BRASILPresidente de comissão da Previdência diz em Salvador que Bolsonaro precisa ser “chamado à ordem”

Foto: Política Livre

Deputado Marcelo Ramos conversa com Alice Portugal antes de se dirigir a plenário da Assembleia para debater Previdência

O presidente de comissão especial da reforma da Previdência, deputado Marcelo Ramos (PR-AM), criticou hoje em Salvador as manifestações convocadas para o próximo final de semana pela rede bolsonarista dizendo que se trata da “coisa mais surreal e sem pé nem cabeça” que já viu no país. “Os protestos são a favor da reforma contra quem é a favor da reforma”, observou, referindo-se ao presidente da Câmara dos Deputados, deputado federal Rodrigo Maia (DEM-RJ), que, segundo ele, fará todo o esforço para aprovar a proposta em 60 dias na Casa. Ele avisou ainda que o Congresso não brigará com o presidente, ao analisar o texto distribuído por Bolsonaro em sua rede de WhatsApp, na última sexta-feira, dizendo que o país seria ingovernável sem conchavos, responsável pela abertura de uma nova crise. “O Brasil não é ingovernável sem cochavo, o país é ingovernável sem diálogo e sem respeito às instituições democráticas.
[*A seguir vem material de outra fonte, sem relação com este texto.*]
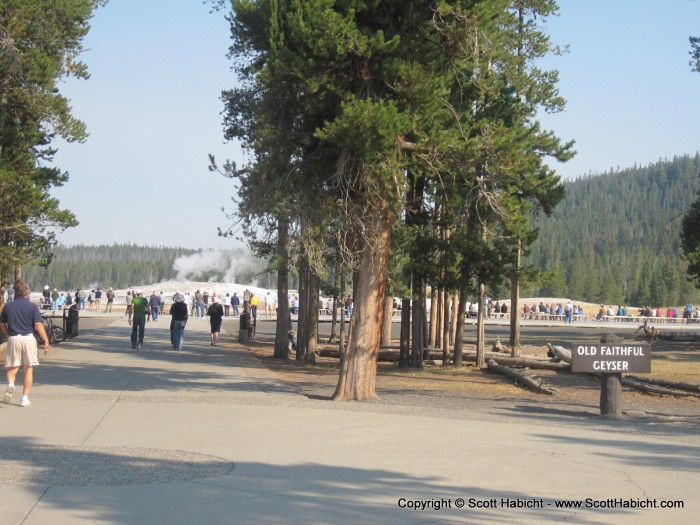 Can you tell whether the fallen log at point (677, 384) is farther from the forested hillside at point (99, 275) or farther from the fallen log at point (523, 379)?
the forested hillside at point (99, 275)

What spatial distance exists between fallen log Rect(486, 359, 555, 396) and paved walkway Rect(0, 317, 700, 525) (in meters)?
5.78

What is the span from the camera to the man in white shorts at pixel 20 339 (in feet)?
39.5

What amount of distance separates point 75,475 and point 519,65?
19.3 m

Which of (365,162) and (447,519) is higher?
(365,162)

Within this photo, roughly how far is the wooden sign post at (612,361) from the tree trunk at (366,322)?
3.40 metres

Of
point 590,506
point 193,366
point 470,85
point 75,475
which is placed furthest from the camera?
point 193,366

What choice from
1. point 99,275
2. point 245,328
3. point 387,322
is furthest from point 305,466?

O que ele (Jair Bolsonaro) demonstrou com aquela atitude foi desapreço pela democracia. Ele precisa ser chamado à ordem para entender que o Brasil é um país republicano, democrático e que tem um sistema de freios e contrapesos entre os Poderes”, declarou Ramos, acrescentando que o desapreço do presidente pela democracia não é deste momento da história. “Toda a trajetória pública dele mostra este desapreço pela democracia. Uma hora ele vai aprender”, disse Ramos, que veio a Salvador, a convite do presidente da Assembleia Legislativa, deputado Nelson Leal (PP), debater a proposta de reforma da Previdência. Logo ao abrir o evento, Leal elogiou a presença do presidente da comissão especial na Casa e defendeu a reforma como fundamental para tirar o país da crise, mas ressaltou que não podem ser os mais pobres a pagar o custo mais alto da medida, referindo-se a propostas que afetam a previdência rural e o benefício de prestação continuada, assim como à capitalização e à desconstitucionalização, como impossíveis de serem apoiados pela população e seus representantes. Ramos, por sua vez, fez uma defesa contundente da proposta, observando que o país já protelou a medida demasiadamente, mas disse que estava ali para ouvir sugestões.